Have you ever known someone who lives in the past? It could be the guy who peaked on his high school football team. It could be a mother who constantly dresses like her teenage daughter. It could be a leader or politician who served God faithfully in the beginning but eventually strayed.

It could be a person like King Rehobam. You can read about his family in 2 Chronicles 11 and his depart from truth in 2 Chronicles 12. Rehobam began faithful. He started strong. But by his fifth year as King he had become unfaithful choosing to rely on his own strength instead of God. His days of pleasing God were history.

No one can depend on former correct actions to ensure a future relationship with God. God is concerned with the choices I make today. He is concerned with the current state of my heart.

No matter how I failed yesterday, today is a chance to start over. I do need to address yesterday’s failures and confess and repent as scripture directs, but they do not hold me back from restoring a broken fellowship with my Father. Furthermore, a former spiritual high or walking closely with God for years past means little if I chose to ignore Him today. God is concerned about the current state of our relationship.

Ouch! I know I’m guilty of coasting through days without picking up my bible depending on last week’s prayer to get me through today’s trial. The big question is: What am I going to do about it? How did Rehobam move from a faithful beginning to becoming a King who abandoned the law of his Lord? Did it start with a short stretch of depending on last week’s prayer?

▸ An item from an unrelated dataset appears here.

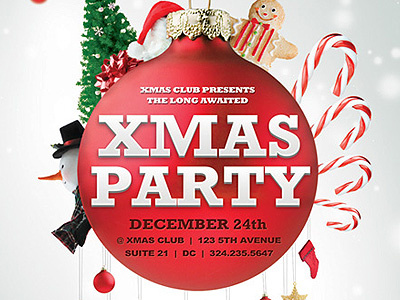 Xmas Party candy cane christmas christmas ball christmas eve kids new year new years eve night club party flyer presents red santa school snow man socks tree white xmas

Did he stop listening to sound teaching and start listening to his own voice instead?

King Rehobam’s story contains a warning I intend to heed. I’ve started meeting regularly with three other woman. We all attend different churches, we all have slightly different opinions on various topics. But there are many things we have in common.

We want to be found faithful.

We want to glorify God in our actions, thoughts, and words EACH day.

We want to live without regrets.

We want to give sacrificially, love unconditionally, and deepen our walk with God.

We want to be held accountable.

That’s why we meet. That’s why we bring our prayer journals and share from them. That why we confess the ugly truth about our fears, doubts, and trials.

That’s why we hold up one another in prayer.

Proverbs 27:17 “Iron sharpens iron, and one man sharpens another.”